Look for the string "foam" in the listing below, then copy every line that has it.

▸ **Supplied material**:
:::

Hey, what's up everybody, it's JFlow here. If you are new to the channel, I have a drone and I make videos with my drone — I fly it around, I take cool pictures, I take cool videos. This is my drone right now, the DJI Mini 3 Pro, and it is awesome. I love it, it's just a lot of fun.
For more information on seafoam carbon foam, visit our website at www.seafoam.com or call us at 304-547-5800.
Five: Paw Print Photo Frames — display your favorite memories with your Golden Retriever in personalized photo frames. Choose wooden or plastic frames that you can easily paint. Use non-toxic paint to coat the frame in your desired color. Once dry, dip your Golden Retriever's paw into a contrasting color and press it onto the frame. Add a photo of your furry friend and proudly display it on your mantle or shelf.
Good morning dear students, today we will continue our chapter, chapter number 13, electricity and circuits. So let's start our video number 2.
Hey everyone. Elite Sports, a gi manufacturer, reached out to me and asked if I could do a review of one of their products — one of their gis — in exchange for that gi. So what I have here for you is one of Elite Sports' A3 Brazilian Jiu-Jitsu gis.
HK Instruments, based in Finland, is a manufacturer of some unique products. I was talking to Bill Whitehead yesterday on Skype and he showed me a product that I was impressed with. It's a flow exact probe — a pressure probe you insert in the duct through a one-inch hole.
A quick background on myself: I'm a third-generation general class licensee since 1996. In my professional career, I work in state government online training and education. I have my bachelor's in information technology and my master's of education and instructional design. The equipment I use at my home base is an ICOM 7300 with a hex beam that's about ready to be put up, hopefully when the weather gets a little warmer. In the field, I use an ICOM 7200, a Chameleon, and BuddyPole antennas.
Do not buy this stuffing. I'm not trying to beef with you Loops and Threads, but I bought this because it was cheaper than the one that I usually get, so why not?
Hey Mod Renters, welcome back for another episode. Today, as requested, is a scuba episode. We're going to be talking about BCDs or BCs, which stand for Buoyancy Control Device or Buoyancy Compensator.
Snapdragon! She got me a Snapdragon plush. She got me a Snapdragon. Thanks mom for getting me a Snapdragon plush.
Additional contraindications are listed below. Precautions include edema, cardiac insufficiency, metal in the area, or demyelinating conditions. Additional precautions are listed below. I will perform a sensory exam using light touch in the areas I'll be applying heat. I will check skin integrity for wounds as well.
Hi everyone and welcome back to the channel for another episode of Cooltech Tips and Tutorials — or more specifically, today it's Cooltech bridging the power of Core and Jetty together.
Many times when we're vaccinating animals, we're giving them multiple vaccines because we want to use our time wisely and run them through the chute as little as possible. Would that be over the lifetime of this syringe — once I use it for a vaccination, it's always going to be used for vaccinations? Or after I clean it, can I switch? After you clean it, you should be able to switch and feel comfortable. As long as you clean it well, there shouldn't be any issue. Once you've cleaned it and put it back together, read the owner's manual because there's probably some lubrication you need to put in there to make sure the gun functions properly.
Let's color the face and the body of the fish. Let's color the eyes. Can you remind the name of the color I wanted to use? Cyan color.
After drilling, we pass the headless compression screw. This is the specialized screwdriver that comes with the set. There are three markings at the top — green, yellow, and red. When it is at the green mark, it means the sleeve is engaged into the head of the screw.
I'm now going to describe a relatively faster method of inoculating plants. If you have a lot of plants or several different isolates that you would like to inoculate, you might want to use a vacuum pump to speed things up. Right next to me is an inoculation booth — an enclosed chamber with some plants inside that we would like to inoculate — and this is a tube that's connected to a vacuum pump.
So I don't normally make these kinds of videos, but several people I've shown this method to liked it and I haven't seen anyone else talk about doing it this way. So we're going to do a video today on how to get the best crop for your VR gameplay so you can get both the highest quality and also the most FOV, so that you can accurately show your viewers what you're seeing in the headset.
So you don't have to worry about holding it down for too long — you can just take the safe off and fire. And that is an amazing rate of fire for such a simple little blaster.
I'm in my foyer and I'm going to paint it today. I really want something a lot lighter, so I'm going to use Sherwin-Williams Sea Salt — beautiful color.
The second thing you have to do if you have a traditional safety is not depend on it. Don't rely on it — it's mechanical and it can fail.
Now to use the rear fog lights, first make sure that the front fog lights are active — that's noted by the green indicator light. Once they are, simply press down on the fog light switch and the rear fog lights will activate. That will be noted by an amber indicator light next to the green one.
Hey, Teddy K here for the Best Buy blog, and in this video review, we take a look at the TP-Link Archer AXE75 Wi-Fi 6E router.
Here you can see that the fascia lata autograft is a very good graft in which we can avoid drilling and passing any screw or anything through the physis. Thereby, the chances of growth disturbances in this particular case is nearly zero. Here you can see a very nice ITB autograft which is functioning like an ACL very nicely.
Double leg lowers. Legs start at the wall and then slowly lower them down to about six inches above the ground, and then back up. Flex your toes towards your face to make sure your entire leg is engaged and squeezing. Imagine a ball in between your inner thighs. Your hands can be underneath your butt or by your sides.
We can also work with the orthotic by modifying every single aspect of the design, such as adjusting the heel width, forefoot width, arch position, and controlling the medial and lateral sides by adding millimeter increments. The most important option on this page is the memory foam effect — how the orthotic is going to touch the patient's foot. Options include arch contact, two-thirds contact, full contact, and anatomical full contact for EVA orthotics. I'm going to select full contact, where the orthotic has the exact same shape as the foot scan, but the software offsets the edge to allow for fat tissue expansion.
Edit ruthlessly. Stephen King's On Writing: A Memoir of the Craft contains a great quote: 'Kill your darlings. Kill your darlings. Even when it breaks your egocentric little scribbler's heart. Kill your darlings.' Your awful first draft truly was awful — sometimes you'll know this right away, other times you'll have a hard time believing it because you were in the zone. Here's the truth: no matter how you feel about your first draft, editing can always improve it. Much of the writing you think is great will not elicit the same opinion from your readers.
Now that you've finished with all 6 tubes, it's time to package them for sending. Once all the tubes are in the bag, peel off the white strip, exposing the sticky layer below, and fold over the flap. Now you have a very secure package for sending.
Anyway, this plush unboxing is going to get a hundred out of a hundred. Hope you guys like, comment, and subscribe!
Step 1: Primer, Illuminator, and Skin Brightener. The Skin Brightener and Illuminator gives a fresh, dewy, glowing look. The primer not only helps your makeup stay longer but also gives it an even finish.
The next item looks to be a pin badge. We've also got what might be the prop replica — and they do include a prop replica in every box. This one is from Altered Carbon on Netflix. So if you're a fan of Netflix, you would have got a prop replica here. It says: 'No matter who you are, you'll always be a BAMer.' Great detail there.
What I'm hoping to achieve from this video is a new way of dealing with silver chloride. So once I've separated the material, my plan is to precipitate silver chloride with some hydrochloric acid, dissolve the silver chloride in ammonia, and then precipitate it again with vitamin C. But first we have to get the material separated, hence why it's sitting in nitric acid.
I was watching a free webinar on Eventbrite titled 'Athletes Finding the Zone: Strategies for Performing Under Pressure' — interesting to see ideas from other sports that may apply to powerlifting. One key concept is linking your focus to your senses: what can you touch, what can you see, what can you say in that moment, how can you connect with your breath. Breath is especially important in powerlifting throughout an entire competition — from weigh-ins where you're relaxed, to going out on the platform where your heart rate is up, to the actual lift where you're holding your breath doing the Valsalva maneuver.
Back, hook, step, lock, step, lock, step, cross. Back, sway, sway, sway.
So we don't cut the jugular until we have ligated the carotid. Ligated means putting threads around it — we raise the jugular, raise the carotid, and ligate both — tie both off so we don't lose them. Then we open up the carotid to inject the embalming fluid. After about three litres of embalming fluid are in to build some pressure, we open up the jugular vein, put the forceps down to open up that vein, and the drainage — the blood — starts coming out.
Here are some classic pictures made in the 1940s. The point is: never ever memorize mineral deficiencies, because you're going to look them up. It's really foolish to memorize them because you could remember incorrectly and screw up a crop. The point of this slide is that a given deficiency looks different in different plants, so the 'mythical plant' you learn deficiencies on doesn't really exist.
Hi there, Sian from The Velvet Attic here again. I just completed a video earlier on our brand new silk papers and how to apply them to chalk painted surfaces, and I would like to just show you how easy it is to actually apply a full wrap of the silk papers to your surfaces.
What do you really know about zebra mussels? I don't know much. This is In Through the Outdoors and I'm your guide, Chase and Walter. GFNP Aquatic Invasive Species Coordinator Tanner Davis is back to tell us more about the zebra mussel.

:::

▸ **Answer section**:
For more information on seafoam carbon foam, visit our website at www.seafoam.com or call us at 304-547-5800.
We can also work with the orthotic by modifying every single aspect of the design, such as adjusting the heel width, forefoot width, arch position, and controlling the medial and lateral sides by adding millimeter increments. The most important option on this page is the memory foam effect — how the orthotic is going to touch the patient's foot. Options include arch contact, two-thirds contact, full contact, and anatomical full contact for EVA orthotics. I'm going to select full contact, where the orthotic has the exact same shape as the foot scan, but the software offsets the edge to allow for fat tissue expansion.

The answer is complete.